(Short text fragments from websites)
________________
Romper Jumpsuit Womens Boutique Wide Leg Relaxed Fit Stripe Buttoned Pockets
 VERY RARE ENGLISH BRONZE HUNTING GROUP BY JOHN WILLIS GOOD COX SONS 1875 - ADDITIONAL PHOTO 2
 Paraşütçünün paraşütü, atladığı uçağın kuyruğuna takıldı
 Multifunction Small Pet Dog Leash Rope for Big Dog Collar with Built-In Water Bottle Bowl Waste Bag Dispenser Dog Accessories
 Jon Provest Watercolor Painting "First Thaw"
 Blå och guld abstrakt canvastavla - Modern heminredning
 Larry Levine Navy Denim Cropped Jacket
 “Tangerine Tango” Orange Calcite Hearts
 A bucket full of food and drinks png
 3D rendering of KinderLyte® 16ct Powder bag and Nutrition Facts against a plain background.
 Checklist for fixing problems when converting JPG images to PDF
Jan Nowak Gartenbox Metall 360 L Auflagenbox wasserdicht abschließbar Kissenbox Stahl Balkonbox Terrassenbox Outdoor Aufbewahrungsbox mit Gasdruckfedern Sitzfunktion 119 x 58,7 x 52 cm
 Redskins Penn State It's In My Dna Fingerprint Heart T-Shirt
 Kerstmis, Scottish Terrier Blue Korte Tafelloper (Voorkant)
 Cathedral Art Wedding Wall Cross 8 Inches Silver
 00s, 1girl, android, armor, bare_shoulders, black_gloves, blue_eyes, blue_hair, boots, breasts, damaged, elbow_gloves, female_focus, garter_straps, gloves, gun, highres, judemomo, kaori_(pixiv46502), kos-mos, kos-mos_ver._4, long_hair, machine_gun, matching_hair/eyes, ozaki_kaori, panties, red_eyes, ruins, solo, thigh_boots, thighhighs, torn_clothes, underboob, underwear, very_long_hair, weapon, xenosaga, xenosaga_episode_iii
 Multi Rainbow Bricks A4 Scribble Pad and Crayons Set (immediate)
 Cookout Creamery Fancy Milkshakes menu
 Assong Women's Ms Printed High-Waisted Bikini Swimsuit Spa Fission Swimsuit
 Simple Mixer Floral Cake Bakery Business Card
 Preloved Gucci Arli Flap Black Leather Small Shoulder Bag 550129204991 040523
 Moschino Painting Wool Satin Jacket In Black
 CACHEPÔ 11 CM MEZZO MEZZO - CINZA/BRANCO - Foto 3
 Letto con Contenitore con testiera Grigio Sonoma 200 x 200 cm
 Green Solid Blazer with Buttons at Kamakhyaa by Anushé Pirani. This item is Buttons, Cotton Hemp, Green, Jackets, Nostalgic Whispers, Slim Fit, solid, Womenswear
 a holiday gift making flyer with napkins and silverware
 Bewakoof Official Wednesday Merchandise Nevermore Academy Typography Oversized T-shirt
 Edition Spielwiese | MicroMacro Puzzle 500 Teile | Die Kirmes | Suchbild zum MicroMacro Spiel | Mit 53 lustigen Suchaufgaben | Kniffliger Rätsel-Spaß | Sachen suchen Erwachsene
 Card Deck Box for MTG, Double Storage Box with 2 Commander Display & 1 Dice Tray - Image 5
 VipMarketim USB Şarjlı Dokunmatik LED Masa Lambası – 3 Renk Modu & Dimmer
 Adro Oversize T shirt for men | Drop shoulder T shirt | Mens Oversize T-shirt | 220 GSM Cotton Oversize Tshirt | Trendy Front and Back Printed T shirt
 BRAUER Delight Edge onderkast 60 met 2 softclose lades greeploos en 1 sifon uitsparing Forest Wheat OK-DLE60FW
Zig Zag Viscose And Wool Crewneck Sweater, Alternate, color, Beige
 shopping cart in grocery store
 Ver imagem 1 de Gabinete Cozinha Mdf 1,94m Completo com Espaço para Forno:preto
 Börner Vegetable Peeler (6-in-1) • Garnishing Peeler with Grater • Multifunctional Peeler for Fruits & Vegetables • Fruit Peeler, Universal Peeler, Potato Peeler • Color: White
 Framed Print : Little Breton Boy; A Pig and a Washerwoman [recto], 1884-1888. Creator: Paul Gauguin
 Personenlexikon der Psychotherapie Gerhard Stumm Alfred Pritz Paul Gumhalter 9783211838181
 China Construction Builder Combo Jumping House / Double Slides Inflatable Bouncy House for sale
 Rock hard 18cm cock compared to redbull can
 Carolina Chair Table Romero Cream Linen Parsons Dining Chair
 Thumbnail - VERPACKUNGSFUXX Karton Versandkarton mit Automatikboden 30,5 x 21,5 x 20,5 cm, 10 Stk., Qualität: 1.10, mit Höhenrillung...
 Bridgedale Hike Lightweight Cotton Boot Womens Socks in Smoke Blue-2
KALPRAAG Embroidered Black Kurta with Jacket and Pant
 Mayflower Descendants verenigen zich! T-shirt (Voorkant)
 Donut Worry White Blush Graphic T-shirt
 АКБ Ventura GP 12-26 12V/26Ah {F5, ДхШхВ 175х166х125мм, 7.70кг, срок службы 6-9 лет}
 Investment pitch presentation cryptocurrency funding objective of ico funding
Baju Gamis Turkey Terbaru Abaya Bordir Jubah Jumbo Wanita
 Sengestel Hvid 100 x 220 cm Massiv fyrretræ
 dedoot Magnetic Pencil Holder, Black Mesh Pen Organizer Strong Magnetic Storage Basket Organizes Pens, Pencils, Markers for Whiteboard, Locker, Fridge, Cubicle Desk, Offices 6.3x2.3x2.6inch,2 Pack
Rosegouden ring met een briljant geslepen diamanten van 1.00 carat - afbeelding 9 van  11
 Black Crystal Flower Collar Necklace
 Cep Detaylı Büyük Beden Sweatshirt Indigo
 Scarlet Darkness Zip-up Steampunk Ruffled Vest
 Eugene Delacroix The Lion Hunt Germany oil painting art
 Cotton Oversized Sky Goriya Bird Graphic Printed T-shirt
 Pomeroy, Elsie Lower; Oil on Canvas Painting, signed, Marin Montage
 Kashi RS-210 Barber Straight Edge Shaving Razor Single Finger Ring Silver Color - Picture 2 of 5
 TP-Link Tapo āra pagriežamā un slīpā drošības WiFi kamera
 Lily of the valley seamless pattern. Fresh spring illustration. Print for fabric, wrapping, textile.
________________
■ Exercise instructions ■
Transcribe all of the lines in the records precisely.

■ Response to the exercise ■
Romper Jumpsuit Womens Boutique Wide Leg Relaxed Fit Stripe Buttoned Pockets
 VERY RARE ENGLISH BRONZE HUNTING GROUP BY JOHN WILLIS GOOD COX SONS 1875 - ADDITIONAL PHOTO 2
 Paraşütçünün paraşütü, atladığı uçağın kuyruğuna takıldı
 Multifunction Small Pet Dog Leash Rope for Big Dog Collar with Built-In Water Bottle Bowl Waste Bag Dispenser Dog Accessories
 Jon Provest Watercolor Painting "First Thaw"
 Blå och guld abstrakt canvastavla - Modern heminredning
 Larry Levine Navy Denim Cropped Jacket
 “Tangerine Tango” Orange Calcite Hearts
 A bucket full of food and drinks png
 3D rendering of KinderLyte® 16ct Powder bag and Nutrition Facts against a plain background.
 Checklist for fixing problems when converting JPG images to PDF
Jan Nowak Gartenbox Metall 360 L Auflagenbox wasserdicht abschließbar Kissenbox Stahl Balkonbox Terrassenbox Outdoor Aufbewahrungsbox mit Gasdruckfedern Sitzfunktion 119 x 58,7 x 52 cm
 Redskins Penn State It's In My Dna Fingerprint Heart T-Shirt
 Kerstmis, Scottish Terrier Blue Korte Tafelloper (Voorkant)
 Cathedral Art Wedding Wall Cross 8 Inches Silver
 00s, 1girl, android, armor, bare_shoulders, black_gloves, blue_eyes, blue_hair, boots, breasts, damaged, elbow_gloves, female_focus, garter_straps, gloves, gun, highres, judemomo, kaori_(pixiv46502), kos-mos, kos-mos_ver._4, long_hair, machine_gun, matching_hair/eyes, ozaki_kaori, panties, red_eyes, ruins, solo, thigh_boots, thighhighs, torn_clothes, underboob, underwear, very_long_hair, weapon, xenosaga, xenosaga_episode_iii
 Multi Rainbow Bricks A4 Scribble Pad and Crayons Set (immediate)
 Cookout Creamery Fancy Milkshakes menu
 Assong Women's Ms Printed High-Waisted Bikini Swimsuit Spa Fission Swimsuit
 Simple Mixer Floral Cake Bakery Business Card
 Preloved Gucci Arli Flap Black Leather Small Shoulder Bag 550129204991 040523
 Moschino Painting Wool Satin Jacket In Black
 CACHEPÔ 11 CM MEZZO MEZZO - CINZA/BRANCO - Foto 3
 Letto con Contenitore con testiera Grigio Sonoma 200 x 200 cm
 Green Solid Blazer with Buttons at Kamakhyaa by Anushé Pirani. This item is Buttons, Cotton Hemp, Green, Jackets, Nostalgic Whispers, Slim Fit, solid, Womenswear
 a holiday gift making flyer with napkins and silverware
 Bewakoof Official Wednesday Merchandise Nevermore Academy Typography Oversized T-shirt
 Edition Spielwiese | MicroMacro Puzzle 500 Teile | Die Kirmes | Suchbild zum MicroMacro Spiel | Mit 53 lustigen Suchaufgaben | Kniffliger Rätsel-Spaß | Sachen suchen Erwachsene
 Card Deck Box for MTG, Double Storage Box with 2 Commander Display & 1 Dice Tray - Image 5
 VipMarketim USB Şarjlı Dokunmatik LED Masa Lambası – 3 Renk Modu & Dimmer
 Adro Oversize T shirt for men | Drop shoulder T shirt | Mens Oversize T-shirt | 220 GSM Cotton Oversize Tshirt | Trendy Front and Back Printed T shirt
 BRAUER Delight Edge onderkast 60 met 2 softclose lades greeploos en 1 sifon uitsparing Forest Wheat OK-DLE60FW
Zig Zag Viscose And Wool Crewneck Sweater, Alternate, color, Beige
 shopping cart in grocery store
 Ver imagem 1 de Gabinete Cozinha Mdf 1,94m Completo com Espaço para Forno:preto
 Börner Vegetable Peeler (6-in-1) • Garnishing Peeler with Grater • Multifunctional Peeler for Fruits & Vegetables • Fruit Peeler, Universal Peeler, Potato Peeler • Color: White
 Framed Print : Little Breton Boy; A Pig and a Washerwoman [recto], 1884-1888. Creator: Paul Gauguin
 Personenlexikon der Psychotherapie Gerhard Stumm Alfred Pritz Paul Gumhalter 9783211838181
 China Construction Builder Combo Jumping House / Double Slides Inflatable Bouncy House for sale
 Rock hard 18cm cock compared to redbull can
 Carolina Chair Table Romero Cream Linen Parsons Dining Chair
 Thumbnail - VERPACKUNGSFUXX Karton Versandkarton mit Automatikboden 30,5 x 21,5 x 20,5 cm, 10 Stk., Qualität: 1.10, mit Höhenrillung...
 Bridgedale Hike Lightweight Cotton Boot Womens Socks in Smoke Blue-2
KALPRAAG Embroidered Black Kurta with Jacket and Pant
 Mayflower Descendants verenigen zich! T-shirt (Voorkant)
 Donut Worry White Blush Graphic T-shirt
 АКБ Ventura GP 12-26 12V/26Ah {F5, ДхШхВ 175х166х125мм, 7.70кг, срок службы 6-9 лет}
 Investment pitch presentation cryptocurrency funding objective of ico funding
Baju Gamis Turkey Terbaru Abaya Bordir Jubah Jumbo Wanita
 Sengestel Hvid 100 x 220 cm Massiv fyrretræ
 dedoot Magnetic Pencil Holder, Black Mesh Pen Organizer Strong Magnetic Storage Basket Organizes Pens, Pencils, Markers for Whiteboard, Locker, Fridge, Cubicle Desk, Offices 6.3x2.3x2.6inch,2 Pack
Rosegouden ring met een briljant geslepen diamanten van 1.00 carat - afbeelding 9 van  11
 Black Crystal Flower Collar Necklace
 Cep Detaylı Büyük Beden Sweatshirt Indigo
 Scarlet Darkness Zip-up Steampunk Ruffled Vest
 Eugene Delacroix The Lion Hunt Germany oil painting art
 Cotton Oversized Sky Goriya Bird Graphic Printed T-shirt
 Pomeroy, Elsie Lower; Oil on Canvas Painting, signed, Marin Montage
 Kashi RS-210 Barber Straight Edge Shaving Razor Single Finger Ring Silver Color - Picture 2 of 5
 TP-Link Tapo āra pagriežamā un slīpā drošības WiFi kamera
 Lily of the valley seamless pattern. Fresh spring illustration. Print for fabric, wrapping, textile.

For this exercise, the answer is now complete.